Human nature demands that you keep hope alive until proven otherwise. Sierra’s immediate family has been holding onto a thread of hope ever since she disappeared on March 16. They have played out various scenarios, trying to figure out what really happened that cold, wet Friday morning. Inevitably, those scenarios end with one resolution: that Sierra is rescued alive, is reunited with her family, and is able to put her affairs in order and lead a productive and happy life. Now, cold reality may be staring in their faces. Perhaps something entirely different went down. Perhaps the end game will not be as they imagined in the silent hours of the predawn morning.

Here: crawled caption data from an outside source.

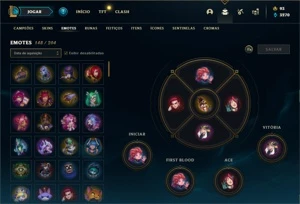 Conta com TODOS os champs e 196 Skins + 13 Espolios - League of Legends LOL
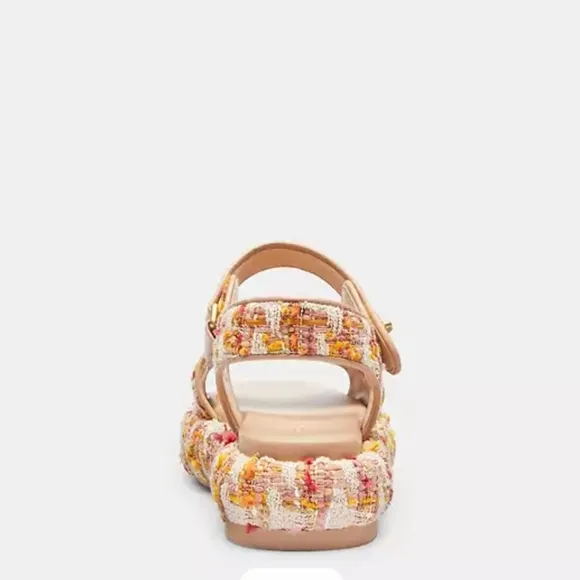 COACH Peyton Tweed Platform Sandals
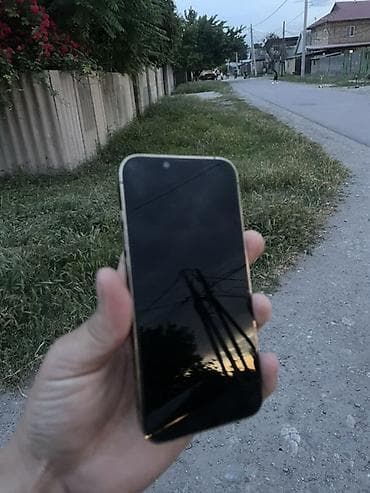 apple 13 бу: IPhone 13 Pro, Б/у, 128 ГБ, Золотой, Чехол, 79 % — 4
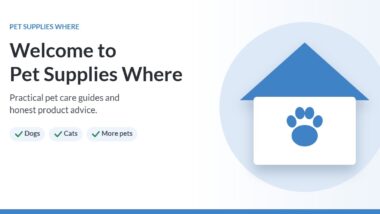 Illustration of a house with a paw print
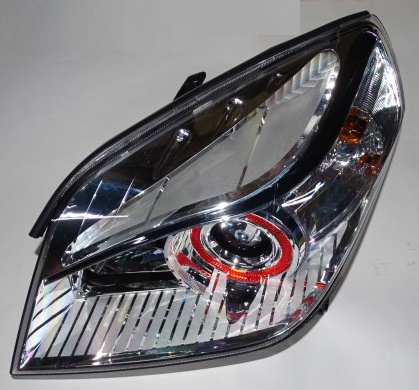 Фара Geely MK Cross лев. /с эл.корр./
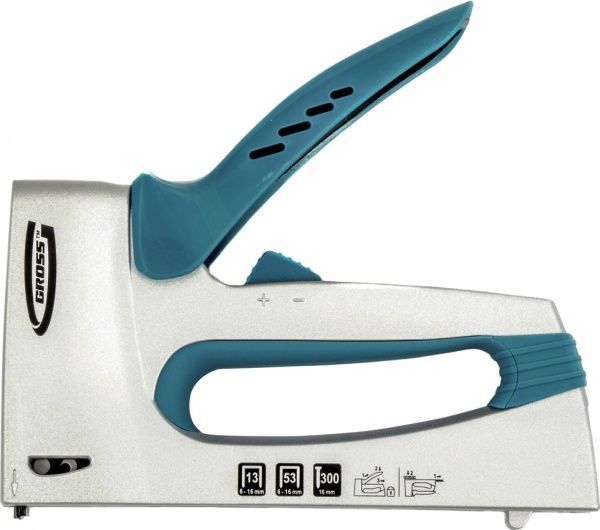 Степлер Gross 41002 6-16 мм, регулювання, цвяхи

This creates high anxiety. Not the kind of anxiety you feel when you might not get to the airport on time, or you might not get the promotion that you feel you deserve. No, this is anxiety that my beliefs, my dreams, my God and my prayers will supernova if this doesn’t play out the way that I have demanded these past months. This is anxiety that physically vibrates your body and incessantly pings your brain like a jagged pinball until some truth at long last reveals itself. It invades your fitful sleep, causes your feet to sweat and makes you want to fall down on your knees and banshee scream at the moon. But you don’t scream at the moon: at least not when others are present.

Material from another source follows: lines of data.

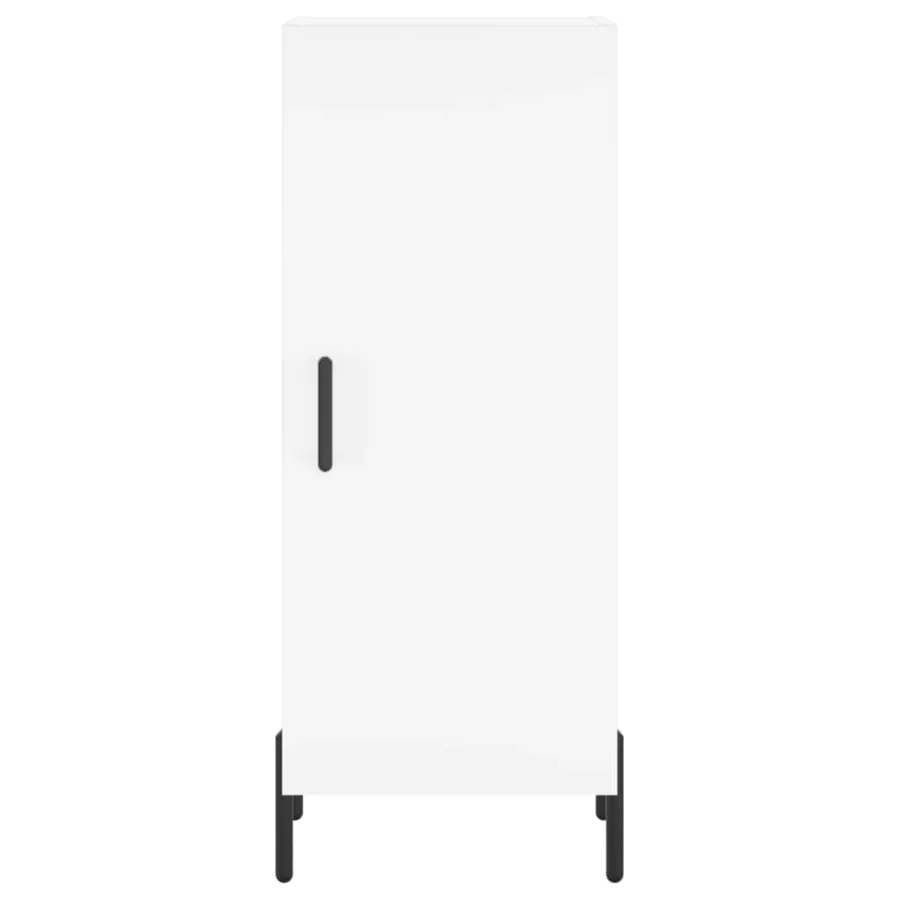 Buffet haut Blanc 34,5x34x180 cm Bois d'ingénierie - 6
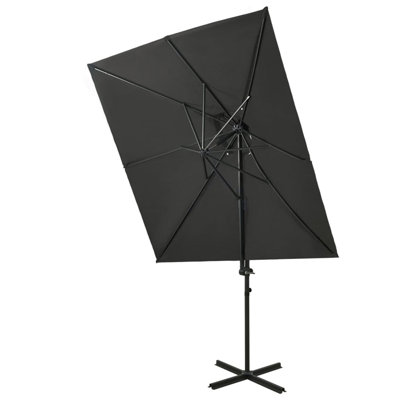 Cantilever parasol with ventilation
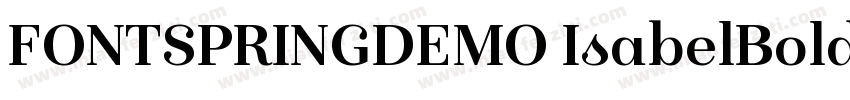 FONTSPRINGDEMO IsabelBold字体转换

It has been a long, difficult slog to this place. The community has been magnificent, the media has been consistent, and the cops are working overtime. But at the end of the day we go home to our families, our homes, and our lives. We eat, sleep and awake renewed.
Not Marlene, Steve or Danielle. They aren’t eating right, they haven’t had a full night’s sleep in nearly two months and their consciousness have been dominated by one thought and one thought only: find Sierra! They need our help and support as they need each other. But what do you have left emotionally if every fiber of your being has been focused on one point? Not much. I know, because I have been there.
We all want to be there for those we love. We want to support and encourage them in their time of need. But what if those you care about the most share a common crisis that is so over the top that you cannot calculate the enormity of its impact? You stand there alone, emotionally naked, sweating between your sheets at night and shivering as the morning dew evaporates in the breaking dawn. You are spent with nothing to give back. You simply embark on another cycle of the living nightmare. You hope as you despair. You laugh so that you will not cry.
Will the red Jetta reveal more truths in coming days? Let us hope so, but let us also keep this family in our thoughts and prayers, because they need us now more than ever.